Cleaning lead screws can be a PITA.
I see you and I share the string/solvent method.


----------



## Just for fun (Dec 14, 2021)

Looking good !


----------



## cathead (Dec 19, 2021)

Still in the clutches of obsessive-compulsive cleaning disorder, I headed for the shop.  My first order
of business was to make several repairs on some Milwaukee M-18 battery pack cases.  They were
cracked and broken from the many times they were inadvertently dropped.  I used the cyanoacrylate
glue and baking soda repair method along with a little melting help from a soldering iron.  You can
view it on You Tube if not familiar with the process.  It was my first time to use this method and was
quite surprised that  the repairs were strong and look like they will hold up.  One battery pack had a
chunk missing so filled in the missing plastic with super glue and baking soda.  I will include a photo of that.

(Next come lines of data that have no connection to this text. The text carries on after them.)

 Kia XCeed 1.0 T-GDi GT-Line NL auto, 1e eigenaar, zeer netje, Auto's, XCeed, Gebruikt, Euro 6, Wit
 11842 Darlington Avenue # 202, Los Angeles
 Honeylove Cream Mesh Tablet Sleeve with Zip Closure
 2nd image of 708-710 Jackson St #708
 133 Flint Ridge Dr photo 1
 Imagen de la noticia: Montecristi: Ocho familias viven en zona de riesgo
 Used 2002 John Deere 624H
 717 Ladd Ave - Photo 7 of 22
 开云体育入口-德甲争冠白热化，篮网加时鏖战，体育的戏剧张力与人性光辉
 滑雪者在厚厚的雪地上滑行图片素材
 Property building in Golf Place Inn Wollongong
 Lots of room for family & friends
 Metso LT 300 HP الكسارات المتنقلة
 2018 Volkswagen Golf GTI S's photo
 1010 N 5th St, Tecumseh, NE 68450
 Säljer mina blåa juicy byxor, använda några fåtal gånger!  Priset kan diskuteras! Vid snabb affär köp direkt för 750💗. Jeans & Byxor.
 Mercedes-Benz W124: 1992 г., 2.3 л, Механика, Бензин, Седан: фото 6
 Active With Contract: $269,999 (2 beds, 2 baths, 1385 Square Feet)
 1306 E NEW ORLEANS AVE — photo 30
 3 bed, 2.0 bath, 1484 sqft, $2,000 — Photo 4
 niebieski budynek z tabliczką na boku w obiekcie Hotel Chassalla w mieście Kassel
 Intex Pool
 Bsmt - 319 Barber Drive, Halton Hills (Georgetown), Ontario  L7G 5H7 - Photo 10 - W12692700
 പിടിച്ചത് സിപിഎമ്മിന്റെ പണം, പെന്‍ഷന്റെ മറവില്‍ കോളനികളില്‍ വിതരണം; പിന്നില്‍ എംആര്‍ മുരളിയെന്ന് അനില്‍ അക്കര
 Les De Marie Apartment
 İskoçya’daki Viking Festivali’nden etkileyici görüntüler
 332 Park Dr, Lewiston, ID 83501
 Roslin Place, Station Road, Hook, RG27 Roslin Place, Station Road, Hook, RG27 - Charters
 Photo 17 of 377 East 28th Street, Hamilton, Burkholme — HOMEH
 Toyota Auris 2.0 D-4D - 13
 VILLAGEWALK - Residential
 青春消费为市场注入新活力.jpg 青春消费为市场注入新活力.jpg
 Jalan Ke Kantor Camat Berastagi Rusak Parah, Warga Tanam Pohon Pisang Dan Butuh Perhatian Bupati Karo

Anyway, the OCD got the best of me and I spent some time cleaning up my drill and impact driver.  I
blame the weather as the temp is near 0 Farenheit and a strong south wind keeping me indoors. 


These are the first pair of battery units I bought some years ago.  I have a new set as well
and keep them at the other shop location.  They both still work well although I did have
to replace the brushes in the impact unit...





Here you can see the baking soda-crazy glue repair in the middle of the photo.  I also disassembled the battery packs and
beefed them up inside with the sodium bicarbonate-Crazy Glue fix.  Time will tell I guess.  Have a good day.


----------



## woodchucker (Dec 19, 2021)

cathead said:


> Still in the clutches of obsessive-compulsive cleaning disorder, I headed for the shop.  My first order
> of business was to make several repairs on some Milwaukee M-18 battery pack cases.  They were
> cracked and broken from the many times they were inadvertently dropped.  I used the cyanoacrylate
> glue and baking soda repair method along with a little melting help from a soldering iron.  You can
> ...


FYI   
There is also a stronger CA glue, it's the black CA it's a little flexible, so it won't let go on a drop. CA is brittle, and a drop or 2 will let go. With the black, you don't need the baking soda. 

A couple of months ago I stitched a cord real together using my old weller gun. I took a piece of 14 gage wire grounding from romex.. bent it and used it to bond the reel together.. I use them  for my volleyball lines to store them.


----------